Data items
::::::

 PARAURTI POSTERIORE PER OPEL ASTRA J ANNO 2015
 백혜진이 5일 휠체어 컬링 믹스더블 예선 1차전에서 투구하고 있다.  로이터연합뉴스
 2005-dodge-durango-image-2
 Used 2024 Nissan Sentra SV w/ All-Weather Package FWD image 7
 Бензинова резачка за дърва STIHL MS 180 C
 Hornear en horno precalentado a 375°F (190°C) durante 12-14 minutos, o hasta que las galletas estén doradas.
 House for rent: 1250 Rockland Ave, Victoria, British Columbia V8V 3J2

::::::

§ About this task
Lines from the one containing "백혜진이 5일 휠체어" to the last line above, both included: copy these exactly and write nothing else.

§ Problem solution
 백혜진이 5일 휠체어 컬링 믹스더블 예선 1차전에서 투구하고 있다.  로이터연합뉴스
 2005-dodge-durango-image-2
 Used 2024 Nissan Sentra SV w/ All-Weather Package FWD image 7
 Бензинова резачка за дърва STIHL MS 180 C
 Hornear en horno precalentado a 375°F (190°C) durante 12-14 minutos, o hasta que las galletas estén doradas.
 House for rent: 1250 Rockland Ave, Victoria, British Columbia V8V 3J2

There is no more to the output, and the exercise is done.